In this episode of Path TV, Avinash Conda and Michael Stearne of Path Interactive discuss robot.txt. file and it’s importance to your website.
So what is robot.txt. and how does it affect search engine crawlers? To understand robot.txt. it’s important to first understand what a robot it. Avinash describes it as a program that crawls or indexes your website, uncovering what exactly your website is all about. A robot.txt. file is simply a text file that provides the robot with information on what to crawl and what not to crawl, ultimately feeding this information to search engines. If there is something on your website that you simply do not want a search engine to crawl, you can tell your robot.txt. file to not crawl that specific pages.
Pages on your website, such as sensitive data on your site or a thank you page, you may not want to be indexed by search engines. In that case, you’ll want to program your robot.txt file that way, signaling the search engine bots to not crawl those pages.
Stay tuned for the next episode of Path TV, in which Avinash and Michael will discuss the structure of a robot text file.
0:13 Michael Stearne – Hello and welcome another exciting episode of Path TV.
0:15 I am your co-host Michael Stearne and this is my co-host Avinash Conda.And today we are discussing Robots.txt
0:31 Avinash Conda – All right.
0:33 Michael Stearne – So what is it? What’s it for?
0:35 Avinash Conda – Yeah, First thing what are Robots? Well they are all robots, spiders, crawlers.
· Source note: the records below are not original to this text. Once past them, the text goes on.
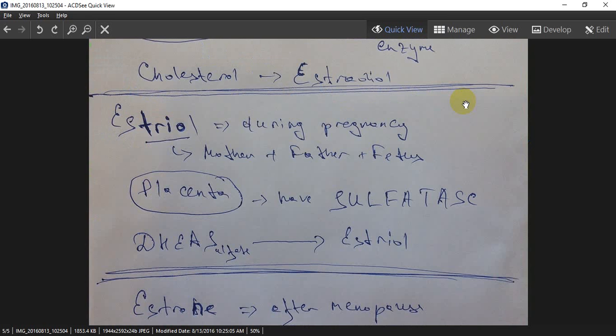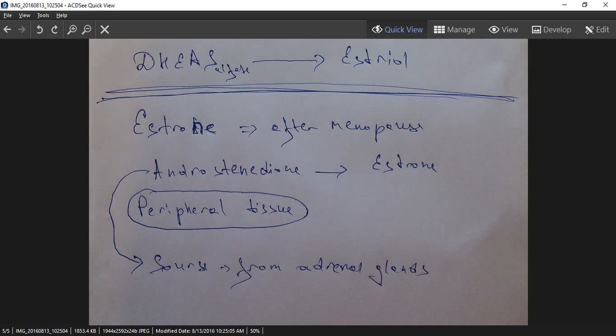The second form is estriol, which occurs during pregnancy. It occurs in the placenta because the placenta has a sulfatase enzyme, and the conversion is from dehydroepiandrosterone sulfate (DHEA-S) to estriol.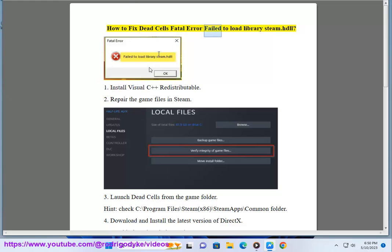How to fix Dead Cells Fatal Error: Failed to Load Library Steam. Fix 1: Install Visual C++ Redistributable.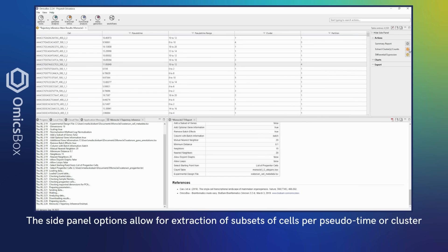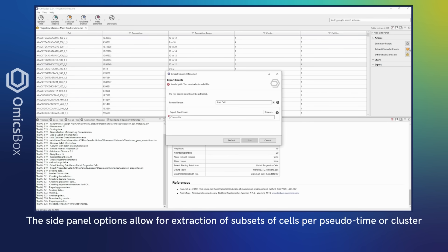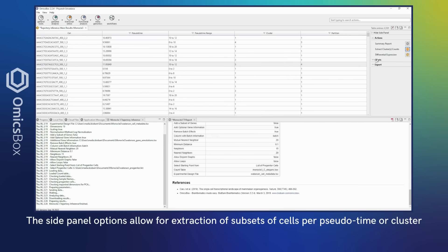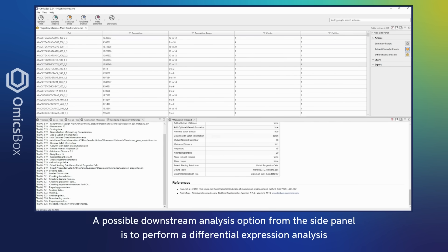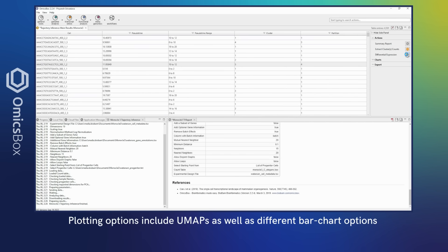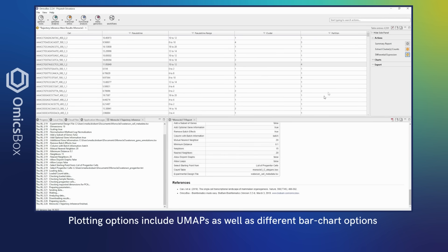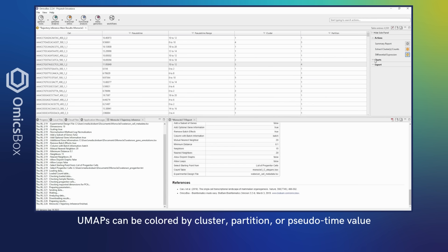The side panel options allow for extraction of subsets of cells per pseudotime or cluster. A possible downstream analysis option from the side panel is to perform a differential expression analysis. Plotting options include UMAPs as well as different bar chart options.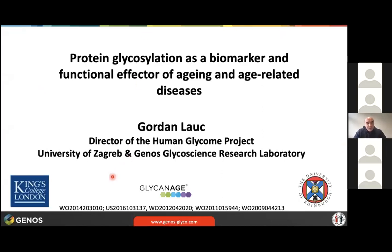Thank you for the introduction. So how can we analyze glycans and learn something about protein glycosylation, which we can use both as a biomarker, but equally important to understand what these glycans do as effectors of both aging and diseases related to aging.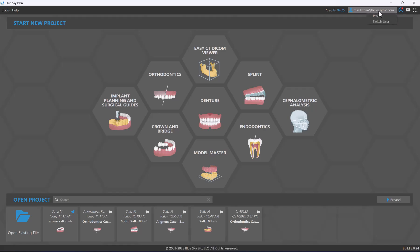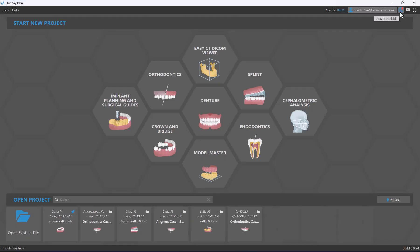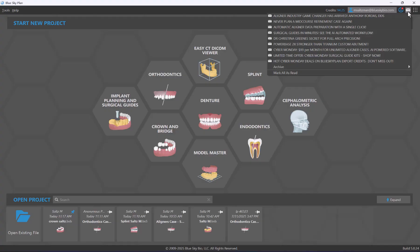We have the email address of the user currently signed into Blue Sky Plan — the export credits and patients are associated with that particular user. You can switch users by clicking the switch user option, or access your profile by clicking on profile. To the right, there's an indicator if a new version of Blue Sky Plan or new parts catalogs are available to download and update.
0:41 They are nothing but a program, a script which search engines and few other site write to come to your website and look at all your pages.
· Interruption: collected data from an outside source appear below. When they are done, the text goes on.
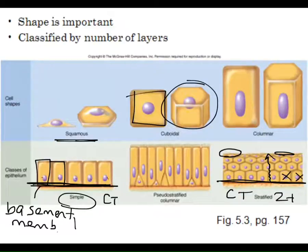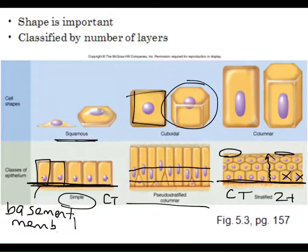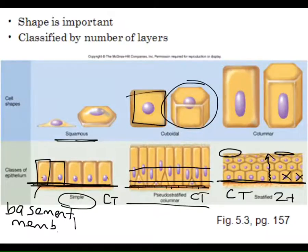There's another type called pseudo-stratified columnar — those words always go together. It's really a simple epithelium, but at first glance it looks like there are two rows of cells suggesting stratification. If you look more closely, every cell is in direct connection with the basement membrane, so it's really one layer of cells that appear jumbled. Most of these cells are primarily very tall, and this tissue is very unique and distinctive — once you see it, you'll have no trouble identifying it.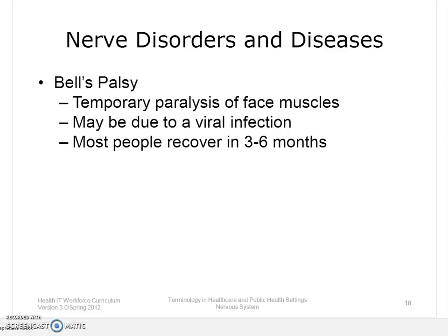Bell's palsy is a condition where the muscles of the face become temporarily paralyzed. It usually affects just one side of the face. Symptoms appear suddenly — the patient cannot shut their eye and the mouth droops. Symptoms are usually worse about 48 hours after they start. Scientists believe that a viral infection makes the facial nerve swell or become inflamed. People who are pregnant, diabetic, or sick with a cold or flu are more likely to have Bell's palsy. Patients usually improve within two weeks and most recover completely within three to six months.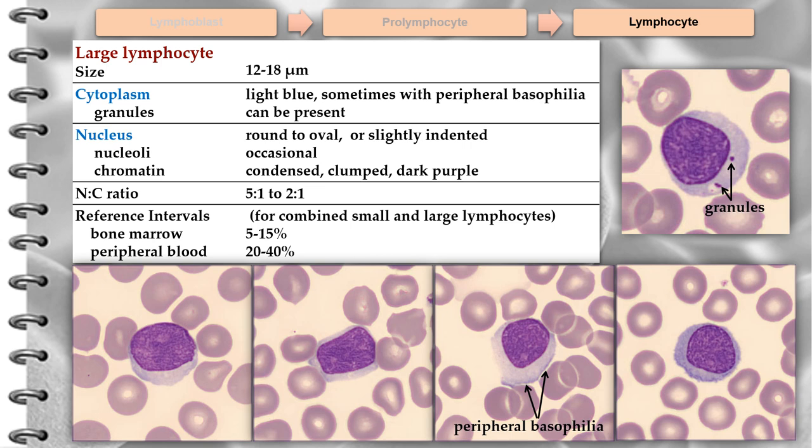Large lymphocytes are heterogeneous and range in size from 12 to 18 micrometers in diameter. The cytoplasm can be lighter blue with peripheral basophilia, or darker than the cytoplasm of small lymphocytes. Azurophilic granules can be present; if prominent, the cell is described as a large granular lymphocyte. These granules differ from those of the myelocytic cells in that they are peroxidase negative. The nucleus is round and can be slightly indented, and the nuclear chromatin can appear similar to that of the small lymphocyte or more dispersed.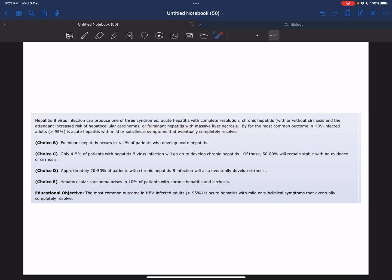By far the most common outcome in hepatitis B virus infection in adults, more than 95%, is acute hepatitis with mild or subclinical symptoms that eventually completely resolve.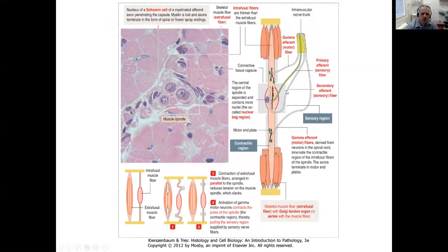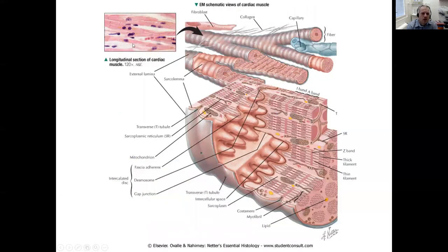Muscle spindles — stretch receptors inside muscles — have intrafusal muscle fibers that are thinner than the extrafusal working fibers. In cardiac muscle light microscopy, intercalated discs appear as dark zones. The intercalated disc has a stepped shape increasing mutual surface area and contains fascia adherens, desmosomes (macular adherens), and gap junctions that electrically couple adjacent cells. The sarcoplasmic reticulum in cardiac muscle is less rich than in skeletal muscle — each T-tubule is accompanied by only one cistern, forming a diad (one plus one equals two).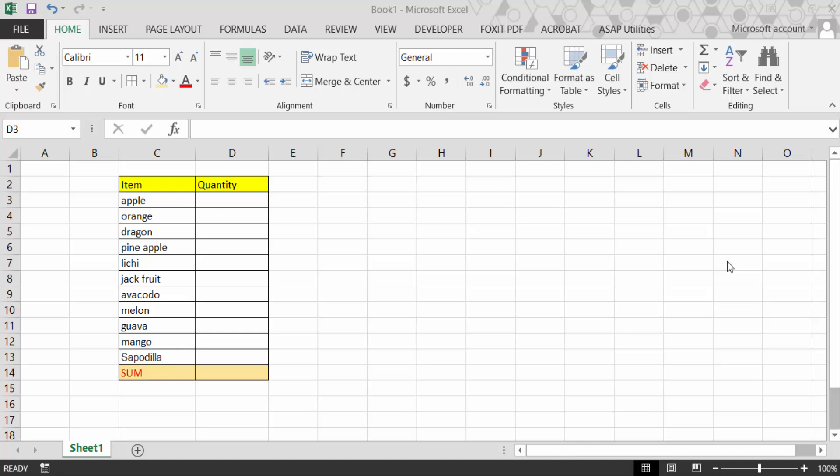Hello everyone, today in this tutorial I'll present you how to sum cells which include text along with numbers in Excel. So let's get started. This is my item name and this is the quantity of this item.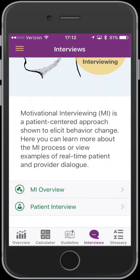That's my look at the CDC Opioid Guideline 2016 app. I think it's a must-have for all of us in primary care or anyone who prescribes opioids to patients.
0:52 Take lists of all the pages, which its called crawling, is coming to your website and actually crawling your website.
0:59 To index them in their indexes. Maybe for search engine sakes; Mostly for search engine sake but few other sites which do that, So those are robots.
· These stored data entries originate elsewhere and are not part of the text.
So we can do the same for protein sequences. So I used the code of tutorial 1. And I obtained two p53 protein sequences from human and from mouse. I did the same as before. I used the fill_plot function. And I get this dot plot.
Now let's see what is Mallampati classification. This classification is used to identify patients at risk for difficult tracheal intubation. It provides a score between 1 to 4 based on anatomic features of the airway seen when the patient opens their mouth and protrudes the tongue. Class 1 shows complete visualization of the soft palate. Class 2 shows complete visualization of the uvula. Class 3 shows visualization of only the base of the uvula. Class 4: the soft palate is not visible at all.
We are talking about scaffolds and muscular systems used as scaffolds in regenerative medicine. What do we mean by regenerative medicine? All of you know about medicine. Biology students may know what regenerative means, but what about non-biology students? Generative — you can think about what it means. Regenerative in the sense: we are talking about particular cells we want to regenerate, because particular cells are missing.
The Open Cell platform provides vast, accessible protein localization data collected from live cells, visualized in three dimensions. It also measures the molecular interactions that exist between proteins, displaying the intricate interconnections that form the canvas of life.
1:09 Michael Stearne – They can go through every page in the site, page by page, crawling around the site as if you were a regular visitor or real visitor crawling from page to page.
1:19 Avinash Conda – Yeah, that’s a robot. You know what’s a robot.txt.
1:22 It’s a text file, obviously, txt which tells the robot what to crawl and what not to crawl.
1:30 So not only for security reasons but also its a preference to people who don’t want some of their pages indexed by search engine; thank you page or something.
1:41 Michael Stearne- Some administrative section or private section of sites.
1:44 Avinash Conda – Private section, some people actually have passwords of their website, all that data they don’t want to crawl and indexed. So those actually can be blocked in the robot.txt.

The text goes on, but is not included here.